Hercule House is designed by Luxembourg-based architecture practice 2001, and it’s a concrete and glass volume stands out against the neighboring farm houses and suburban villas in its monolithic monumentality. It is a bold sculptural statement that takes advantage of the sloped terrain, let’s take a closer look at it.
A gentle slope leads down to the house’s basement level with a fitness and spa area, laundry room, wine-cellar and the garage, in the middle of which are the living quarters. Conceived as a large open-plan living room that also encompasses the kitchen and dining area, the space opens up to a sunken courtyard which allows plenty of natural light to illuminate the interiors, , as well as the adjacent garage and fitness room, concealed as they are behind translucent panels.

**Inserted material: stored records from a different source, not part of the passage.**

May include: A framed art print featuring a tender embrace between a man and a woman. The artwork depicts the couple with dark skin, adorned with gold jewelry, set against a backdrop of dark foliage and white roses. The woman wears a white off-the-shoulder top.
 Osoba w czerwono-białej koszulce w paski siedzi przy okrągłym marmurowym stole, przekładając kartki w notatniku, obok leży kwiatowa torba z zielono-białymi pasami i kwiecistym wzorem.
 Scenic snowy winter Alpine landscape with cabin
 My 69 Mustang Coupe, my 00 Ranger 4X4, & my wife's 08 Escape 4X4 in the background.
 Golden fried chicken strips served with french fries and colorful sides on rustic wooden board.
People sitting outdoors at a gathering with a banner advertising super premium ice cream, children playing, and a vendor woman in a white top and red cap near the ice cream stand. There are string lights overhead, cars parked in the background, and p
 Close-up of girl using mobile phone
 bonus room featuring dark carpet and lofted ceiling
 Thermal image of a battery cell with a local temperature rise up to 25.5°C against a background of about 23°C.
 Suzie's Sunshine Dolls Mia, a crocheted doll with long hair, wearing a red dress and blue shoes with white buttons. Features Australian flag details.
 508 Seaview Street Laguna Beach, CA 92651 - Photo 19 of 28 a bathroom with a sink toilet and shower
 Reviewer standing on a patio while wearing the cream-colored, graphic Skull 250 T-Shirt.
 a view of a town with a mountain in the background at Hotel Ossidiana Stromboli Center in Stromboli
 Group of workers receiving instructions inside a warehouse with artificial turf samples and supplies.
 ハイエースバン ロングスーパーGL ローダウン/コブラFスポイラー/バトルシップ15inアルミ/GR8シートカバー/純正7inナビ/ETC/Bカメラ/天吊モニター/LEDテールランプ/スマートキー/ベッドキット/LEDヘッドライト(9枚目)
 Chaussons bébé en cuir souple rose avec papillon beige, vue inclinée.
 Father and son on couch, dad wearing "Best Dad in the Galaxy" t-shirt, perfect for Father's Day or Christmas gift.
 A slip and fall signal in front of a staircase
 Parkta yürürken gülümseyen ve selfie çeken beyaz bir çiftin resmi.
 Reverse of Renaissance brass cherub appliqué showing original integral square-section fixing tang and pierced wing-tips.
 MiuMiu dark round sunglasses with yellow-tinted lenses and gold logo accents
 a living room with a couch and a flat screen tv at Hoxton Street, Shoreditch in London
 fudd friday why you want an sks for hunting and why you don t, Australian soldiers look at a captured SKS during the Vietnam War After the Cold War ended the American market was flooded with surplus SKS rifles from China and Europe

Above ground, the cubic volume houses three bedrooms on two floors. On the shorter street and garden sides, the facades are designed as curtain walls lined in reflective glass that provides both solar protection and privacy, not to mention expansive views of the surroundings. It’s also a clever way to integrate the monolithic volume into the leafy neighbourhood by reflecting the landscape around it. The south façade is also made of concrete but is punctured by a series of strategically placed deep-set windows.
The interior design shares the same austere, brutalist sensibility that characterizes the building exterior. Throughout the house, exposed concrete walls and ceilings bring the building’s structure to the stripped down aesthetic, which is enhanced by trim-less, built-in furnishings such as light fittings, cupboards and wardrobes, a subdued color palette of neutral tones, and a total lack of decorative elements. There’s a minimum of furniture, which is also very laconic, just like the rest of the house.